The spokesman further noted that the fighting has intensified compared to a month ago and accused pro-Russia forces of "actively using heavy weapons" including a Grad multi-rocket launcher.
The new development comes a day after five Ukrainian soldiers were killed and four others sustained injuries in clashes near the volatile Donetsk region, bringing the death toll to at least eight over the past two days.
Earlier this month, France and Germany held a round of talks with Kiev and Moscow in the German capital of Berlin as part of mediation efforts to try to hammer out a lasting peace deal in Ukraine conflict but no consensus was reached over the issue.
Conflict erupted in eastern Ukraine after people in the country’s Black Sea Crimean Peninsula voted for unification with Russia in March 2014. The West describes the development as Moscow’s annexation of the territory. The US and its allies in Europe also accuse Moscow of having a major hand in the crisis in eastern Ukraine, a charge that Moscow denies.

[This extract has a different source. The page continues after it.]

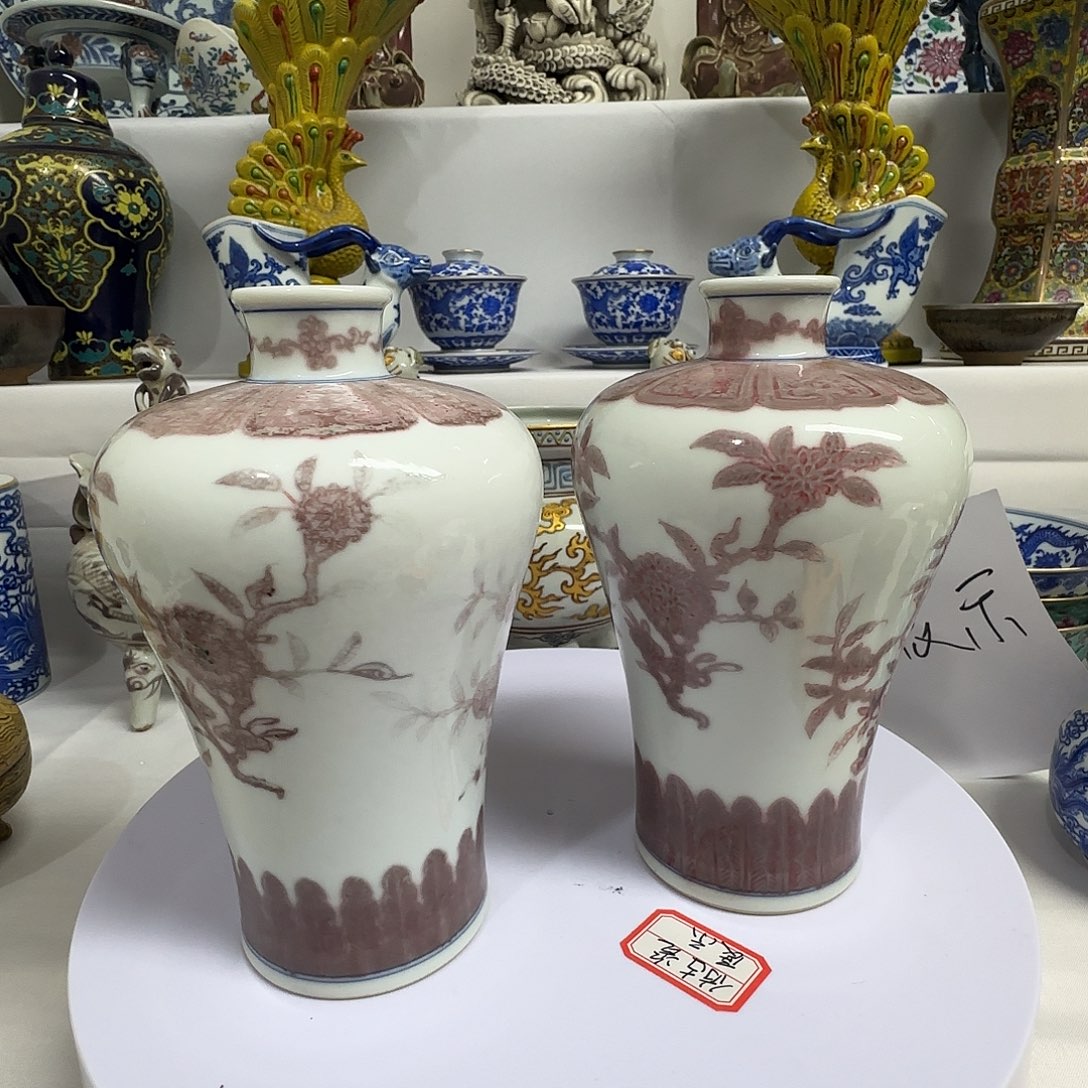 陶釉里红梅瓶一对精品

Ukraine’s eastern provinces of Donetsk and Lugansk have witnessed deadly clashes between pro-Moscow forces and the Ukrainian army since Kiev launched military operations later in April 2014 to crush pro-Moscow protests there.
The crisis has left over 9,300 people dead and over 21,000 others injured, according to the United Nations.
In September 2014, the government in Kiev and the pro-Russians signed a ceasefire agreement in the Belarusian capital city of Minsk in a bid to halt the clashes in Ukraine’s eastern regions.
They agreed on 12 points, including pulling back heavy weapons, releasing prisoners, setting up a buffer zone on the Russia-Ukraine border, and allowing access to international observers.
The warring sides also inked another truce deal, dubbed Minsk II, in February 2015 under the supervision of Russia, Germany and France.
Since then, however, both parties have on numerous occasions accused each other of breaking the ceasefire.